Imines are generated during the nucleophilic reaction of primary amines (ArNH₂ or R-NH₂) with ketone or aldehydes. Imines are formed in the following way: First and foremost, the protonation of the carbonyl group occurs in either an acidic or a basic reaction. Neutral nucleophiles are more likely to attack the carbonyl molecule in the acidic or base reaction. The nucleophile N then attacks the electrophilic C of the C=O from the pi-bond, triggering a reaction. In the process of removing a proton, the positive charge on the N is neutralised, resulting in the creation of a Carbinolamine as an intermediate product. Rate of Reaction: The more electrophilic the substrate, faster the addition reaction. Also lesser the steric hindrance, faster the reaction. In accordance with both these factors, aldehydes are more reactive towards nucleophilic addition than ketones. Also resonance tampers with the electrophilicity of the substrate and reduces the rate of reaction.

Points to Remember

• A nucleophilic addition reaction occurs when a chemical molecule with a double bond or triple bond combines with a nucleophile, resulting in the breakage of the double or triple bond.
• A carbocation will form in acetone, and the two CH₃ groups present in acetone will stabilise it, making the nucleophilic addition reaction a simple process.
• A carbonyl compound undergoes a nucleophilic addition reaction, and the steps involved in the mechanism are as follows: generation of the nucleophile, nucleophilic attack, protonation, and regeneration of a catalyst.
• Nucleophilic addition reaction occurs when the Carbonyl group is hybridised with Sp2 in the presence of Water.

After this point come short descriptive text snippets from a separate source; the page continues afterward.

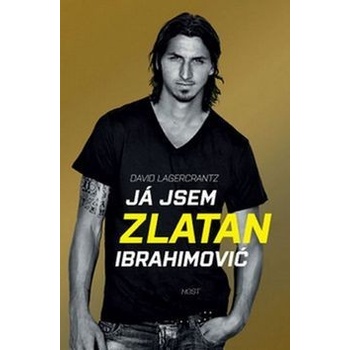 Já jsem Zlatan Ibrahimović - David Lagercrantz, Zlatan Ibrahimović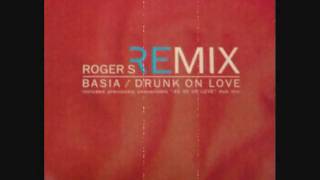 Video thumbnail of "Basia - Drunk On Love (Roger's Ultimate Anthem Mix) 1994"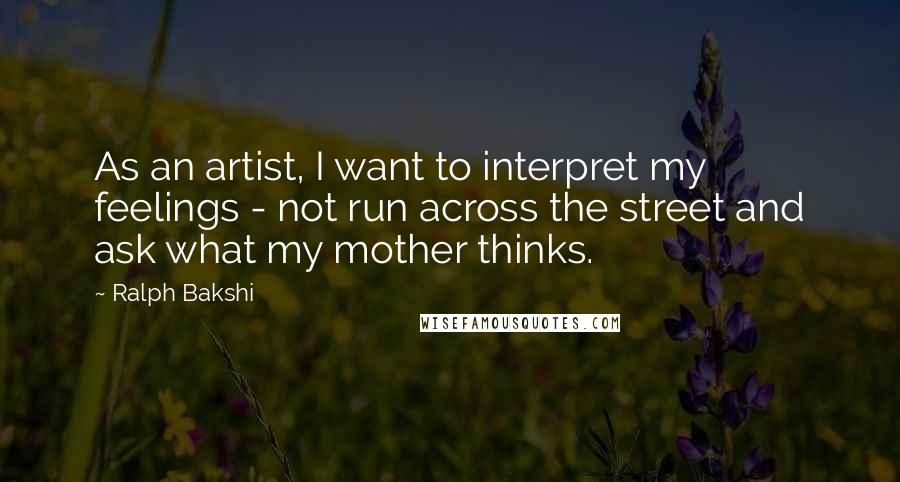 Ralph Bakshi Quotes: As an artist, I want to interpret my feelings - not run across the street and ask what my mother thinks.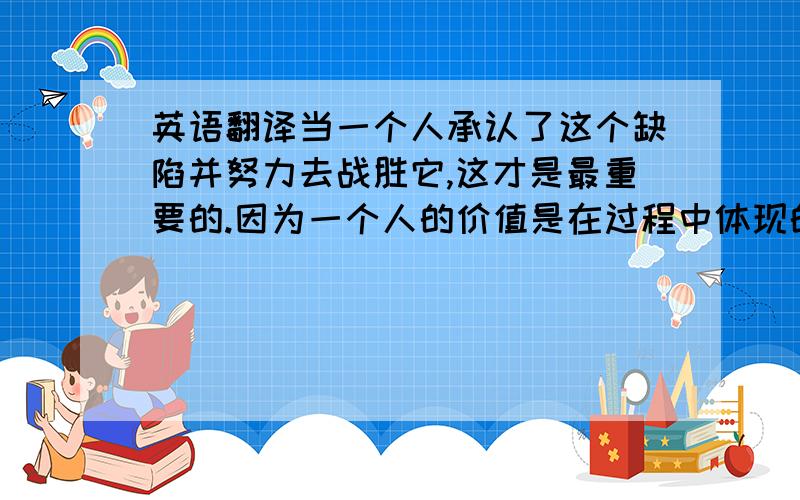 英语翻译当一个人承认了这个缺陷并努力去战胜它,这才是最重要的.因为一个人的价值是在过程中体现的,即使什么也没收获到,那也是胜利.老渔夫就是敢于挑战自己的胜利者,他有着无与伦比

A breakdown of the pi link results in sp³ hybridisation of the carbonyl molecule.
• Comparatively, aldehydes are more reactive toward the Nucleophilic Addition Reaction than ketones.

Conclusion

With the help of additional reactions, we can change numerous bonds into various functional groups. The reaction needs to occur to convert unsaturated molecules into saturated and more functional species. Nucleophilic addition reactions are responsible for a number of other significant reactions. Nucleophilic addition reaction occurs in the case of aldehydes and ketones.